State Claims Proposed Power Plant Helps Climate, Economy
September 13, 2016
BURRILLVILLE, R.I. — The advisory opinions are in and they show local opposition to the proposed power plant, but more support for the fossil fuel project at the state level.
In all, 12 advisory opinions were sought by the state Energy Facility Siting Board (EFSB) to help inform its vote on what would be the state’s largest power plant: the Clear River Energy Center and its owner Chicago-based Invenergy Thermal Development LLC.
In recent weeks, the Burrillville Planning Board, Zoning Board and two municipal water boards issued reports that criticized the nearly 1,000-megawatt natural gas/diesel power plant. The Planning Board said the project doesn’t fit with local and state planning and environmental goals.
The advisory opinions are intentionally not binding so that the EFSB can deliberate energy projects that would otherwise encounter stiff local resistance. Until the latest state-level reports were published only the Historical Preservation & Heritage Commission had issued a report, which found no objection to the project.

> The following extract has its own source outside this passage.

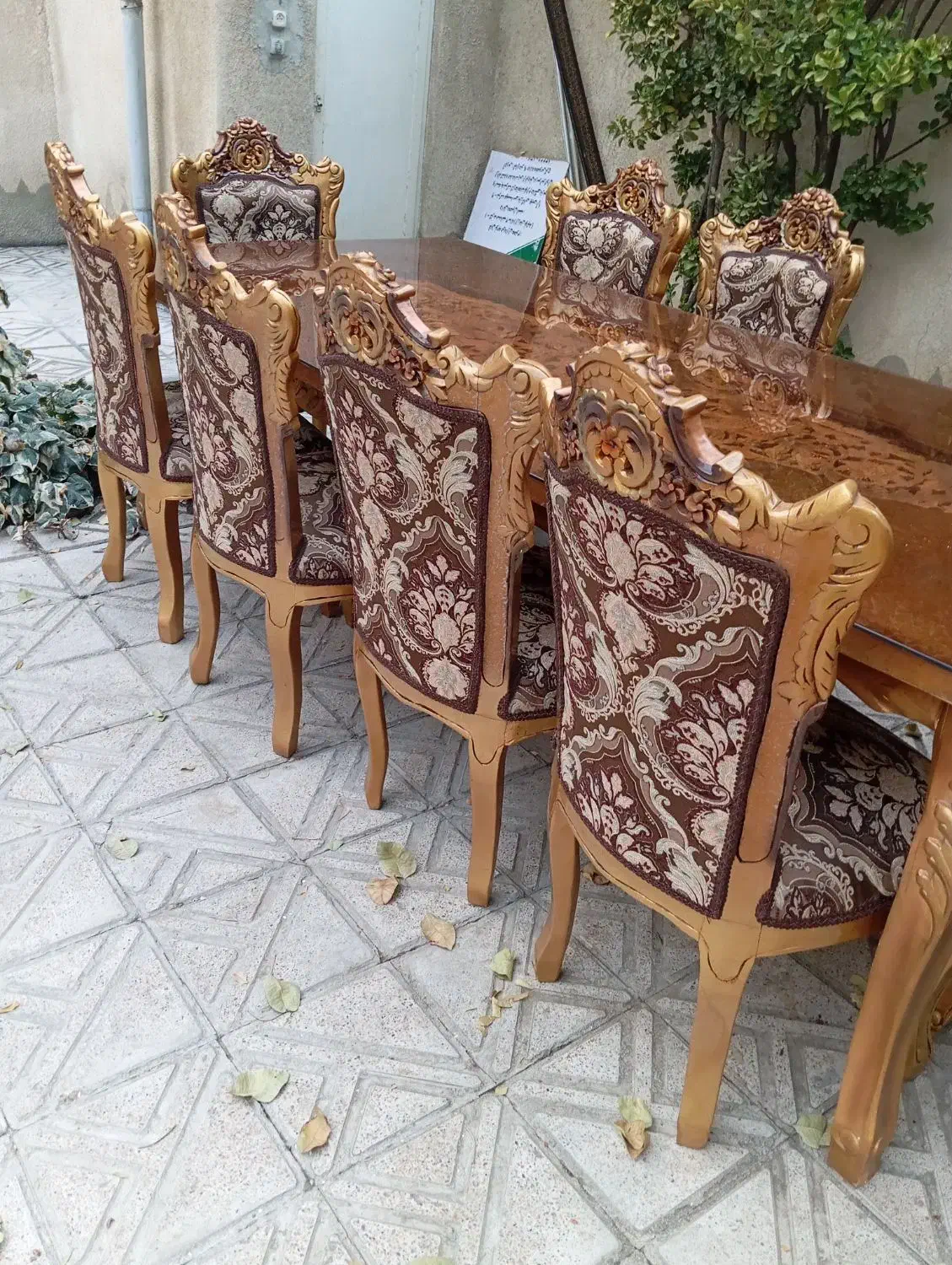 میزغذاخوری10نفره تمام چوب راش کنده کاری شده|میز و صندلی غذاخوری|ارومیه, |دیوار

The Rhode Island Department of Health (DOH) issued a draft opinion in August and its final report backed those findings. Many of the conclusions acknowledge health risks, such as the threat from greenhouse gas emissions, but DOH doesn’t take a stance or make a firm recommendation as to whether these threats amount to an approval or a disapproval of the proposed power plant.

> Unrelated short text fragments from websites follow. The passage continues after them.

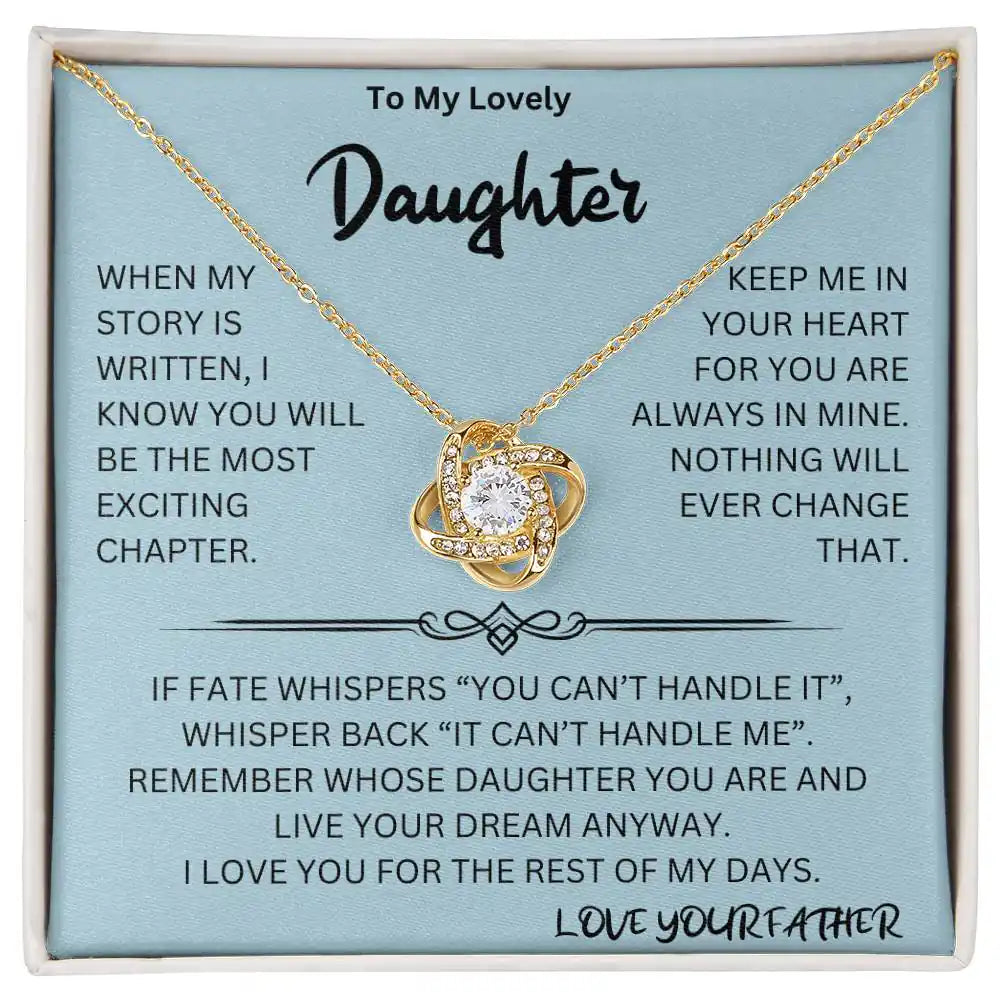 Whispers Back Necklace Daughter Gift Gift for Jewelry | Gifting2Go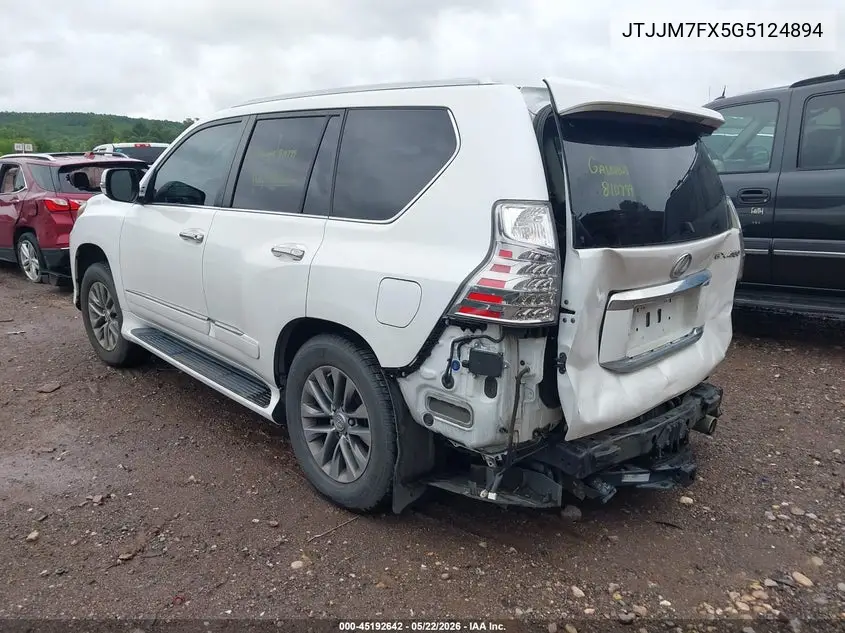 2016 Lexus Gx 460 Luxury VIN: JTJJM7FX5G5124894 Lot: 45192642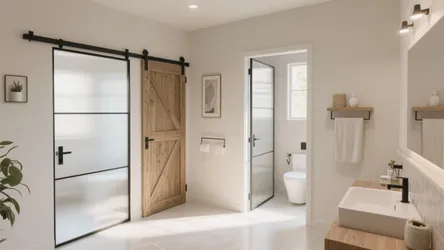 10 Bathroom Door Ideas to Elevate Your Space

This quote highlights DOH’s persistent neutrality:
“Climate change is a local and global challenge, but it is also an opportunity for positive change. It provides us a challenge to change the way we have done things in the past, to ultimately live healthier and happier lives. It is imperative that action be taken individually and collectively to mitigate climate change for the health and well-being of our communities.”

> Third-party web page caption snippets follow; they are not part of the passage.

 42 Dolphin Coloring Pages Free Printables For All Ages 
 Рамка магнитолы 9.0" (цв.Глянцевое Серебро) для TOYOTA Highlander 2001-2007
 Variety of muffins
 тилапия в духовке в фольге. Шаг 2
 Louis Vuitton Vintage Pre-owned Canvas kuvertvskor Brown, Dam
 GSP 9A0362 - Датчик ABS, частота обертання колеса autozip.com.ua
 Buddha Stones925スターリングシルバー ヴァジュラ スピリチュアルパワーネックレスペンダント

When considering expansion of the fossil fuel-based energy system, DOH said renewable energy should be prioritized, when at all possible. “This will not only help to prevent negative health outcomes, but will also protect the environment and the natural systems on which we rely,” according to the agency’s report.
Given the negative impacts of climate change on public health, DOH noted it supports the Resilient Rhode Island Act’s goals and encourages efforts aimed at maximizing carbon-emission reductions and the development of renewable energy sources.
“It is not possible to create a no-risk environment. However, (DOH) strongly supports mitigation of health risks to the extent possible,” according to its on-the-fence advisory opinion.
Noise from the proposed Clear River Energy Center (CREC), which has been a persistent concern of abutters, must be controlled with the latest technologies, DOH said. Sound proofing of homes and buyouts of homes are also recommended. DOH found that health effects from new high-voltage power lines are negligible. The report leaves a major issue unaddressed: water pollution. Invenergy has been denied access to cooling water sources for the power plant and, as such, DOH has asked to assess drinking water issues when a source is found.
DOH said it can’t make an informed analysis on air pollution, as federal standards are pending and the state Department of Environmental Management considers an application for air emissions. DOH acknowledged that residents and children living near the site of the proposed power plant could suffer from respiratory conditions. Rather than take a stance on air pollution, DOH again suggested that all possible steps be taken to mitigate the health impacts from air pollution if the power plant is built.
DOH also takes a pass on taking a position on the risks from hazardous chemicals and waste stored onsite and transported to and from the facility. Instead, the state agency recommended stringent safety standards and evacuation plans.
The Office of Energy Resources (OER) took a firm stance. In its view, the power plant will not impede state climate emission reduction goals and will in fact lower regional emissions in the first seven years of operation. Regional is the key term, as local — Rhode Island — emissions will surely increase. But using a consumption-based model instead of an emission-based model means that emissions will go down if you just look at the electricity coming out of the wall socket, which gets its power from across the Northeast. To OER and the state Climate Change Coordinating Council, emissions are a matter of accounting, and not necessarily from where the power plant is built.
The Department of Environmental Management (DEM) makes a more clear stance, noting the power plant is a threat to the flora and fauna in one the state’s largest tracts of forestland. DEM must issue the all-important permits for air and water pollution.
“Failure to receive ANY of these required permits would represent a determination by DEM that the proposed facility presents an unacceptable harm to the environment,” according to the DEM report.
The report goes on to say only one of the three applications for the permits have been received and it will not likely be decided until early 2017 and after the EFSB is expected to make a ruling.
For its advisory opinion, the Division of Statewide Planning said the power plant would help the economy and would bring revenue to the state and to Burrillville. The project is also consistent with the State Guide Plan, according to the state agency.
Gov. Gina Raimondo supports the power plant and insists that the EFSB application process is the appropriate way to address the project, despite public opposition.
Public hearings on the CREC and the advisory opinions are scheduled for Sept. 21 at Toll Gate High School in Warwick at 6 p.m. and Oct. 3 at Burrillville High School at 6 p.m. A third hearing is set for Oct. 13 at the Public Utilities Commission office in Warwick at 9 a.m.